O Sr. C. de Lavradio—Sr. Presidente, a conclusão deste Parecer tem duas partes distinctas, porque diz (Leu-o). Quanto á primeira parte desta conclusão nada tenho a dizer, e creio que até me conformo com a opinião da illustre Commissão; mas não posso de modo algum conformar-me com a segunda parte, porque não posso approvar um Parecer nem um Projecto, que contém doutrina contraria ás disposições do artigo 137.° da Carta Constitucional. Eu não duvido das vantagens que para o Estado poderão resultar da adopção deste contracto; mas do que eu duvido, é da nossa faculdade para o authorisar, á vista das disposições do artigo que citei; porque, se appróvamos esta Proposição, segue-se que authorisamos uma despeza para tres annos: ora toda a despeza corresponde a um imposto, porque é do producto dos impostos que se fazem as despezas: logo, nós votando a Proposição, vamos desde já authorisar um imposto por tres annos, quando pelas disposições do artigo citado da Carta não podemos votar os impostos senão para um anno.

Rejeito pois esta Proposição pelas razões que expendi.
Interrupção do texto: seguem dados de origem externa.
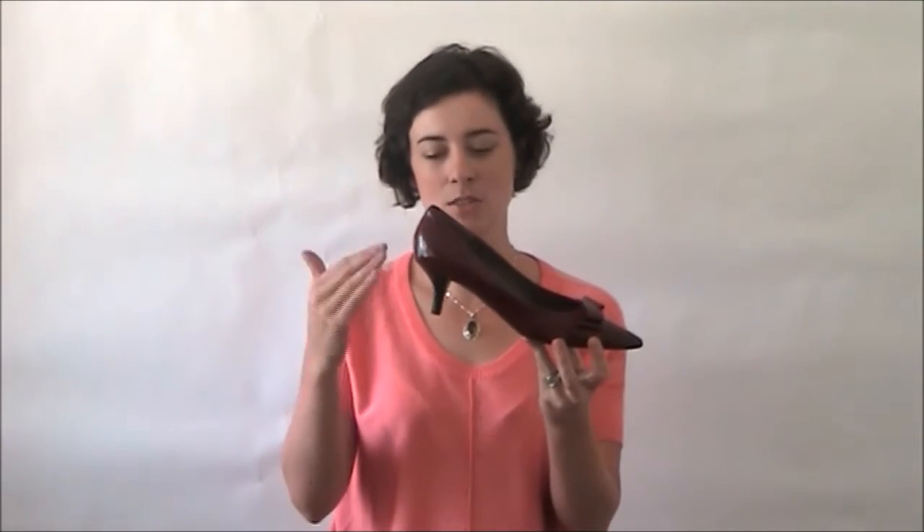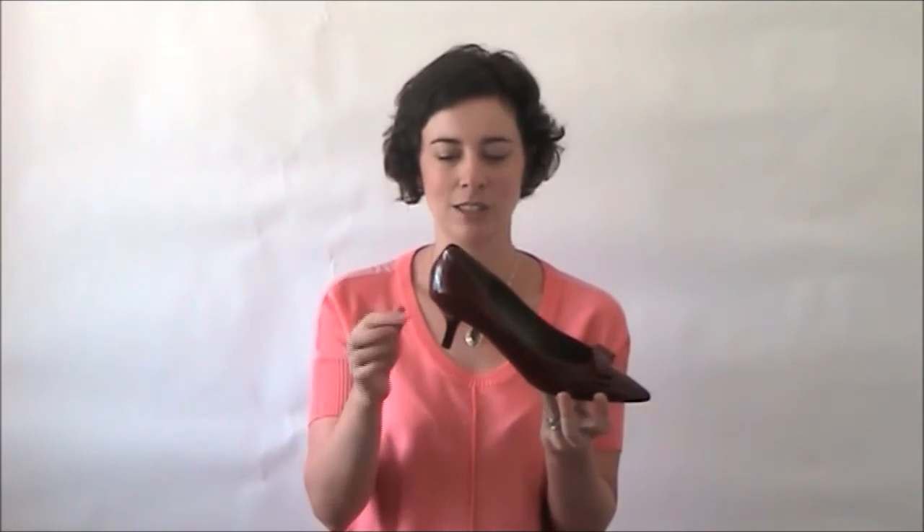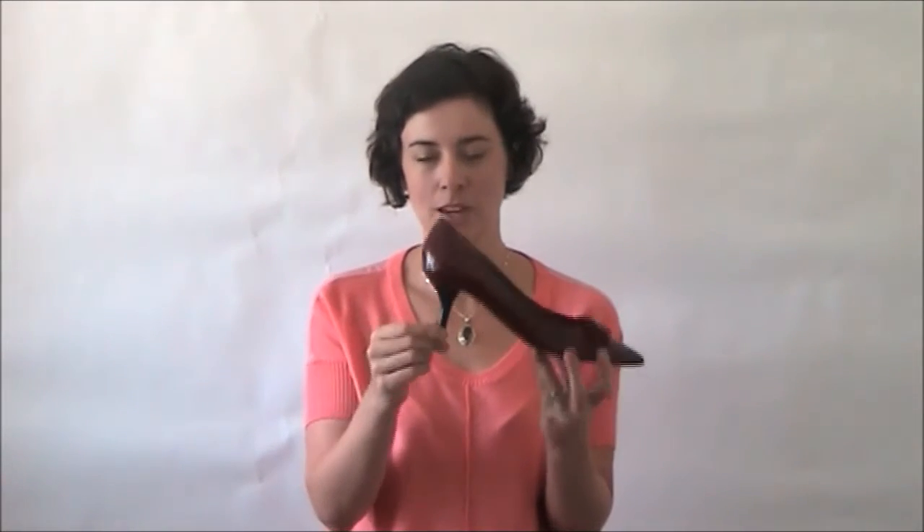A really nice heel height — this is sort of on the lower end of the heel height that we're able to stock, which makes it very comfortable for everyday use, and also for those of you who are taller and don't want to tower over everyone anymore than you already do.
O Sr. Fonseca Magalhães —...

O Sr. C. de Lavradio — Sr. Presidente, o meu nobre amigo o D. Par o Sr. Fonseca Magalhães defendeu muito bem, como costuma, as suas opiniões: defendeu muito bem a primeira parte da conclusão; mas S. Ex.ª não provou a segunda, porque eu sou da opinião de S. Ex.ª quanto á primeira parte, de que é muito mais util fazer-se uma arrematação por tres annos do que por um anno; mas o que S. .Ex.ª não provou, foi a constitucionalidade da medida, nem o podia provar, porque lá estão as disposições do artigo 137.º da Carta Constitucional que se lhe oppõe. Se esta despeza fôr approvada, está claro, como já ainda agora disse, que temos de approvar um imposto equivalente, é isto o que eu intendo não podemos fazer senão por um anno; porque, quanto ao mais estou de accôrdo com o D. Par.
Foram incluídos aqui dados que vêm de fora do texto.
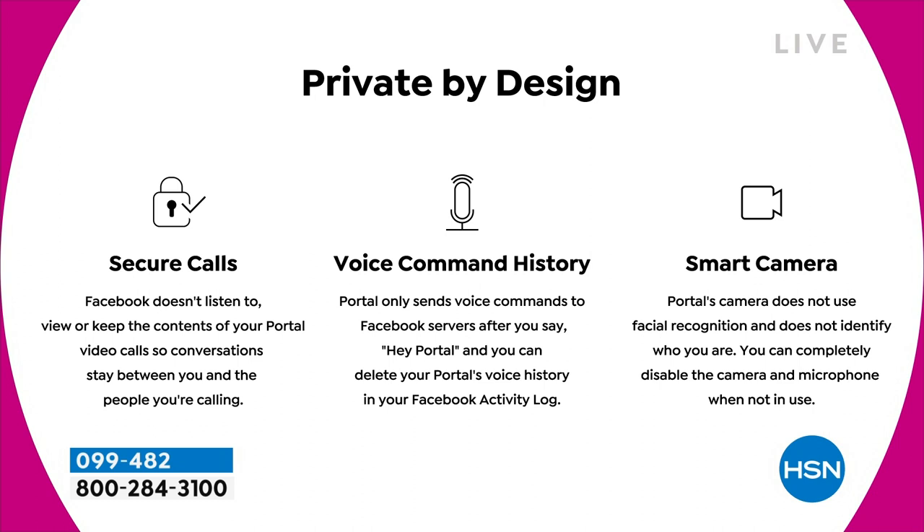I'm going to chime in because we're showing on our screen how privacy is built in. You're going to have secure calls even when using WhatsApp, Google, or Zoom. Voice command history is managed — it really has built-in security. That smart camera also has a little door you can close if you're concerned about the camera not being covered. Privacy and security features are built into this.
O Sr. Fonseca Magalhães —...

O Sr. Presidente — Como ainda não ha numero para se votar, julga-se a materia discutida, e passa-se á discussão de outro Parecer (Apoiado.)

Parecer n.º 158 sobre a Proposição de Lei n.º

131, authorisando o Governo para alterar o Regulamento do Conselho de Estado.

Parecer n.º 158.

Senhores: — A Commissão de Administração Publica foi presente o Projecto de Lei, vindo dá Camara dos Senhores Deputados com o n.º 131,1 pelo qual e authorisado o Governo a revêr o Regulamento do Conselho de Estado de 16 de Julho de 1845, organisado para a execução da Carta de Lei de 3 de Maio do mesmo anno.

A Commissão, considerando que e indispensavel remover algumas difficuldades que o dito Regulamento offerece na pratica do Serviço; é de opinião que o referido Projecto dele ser approvado.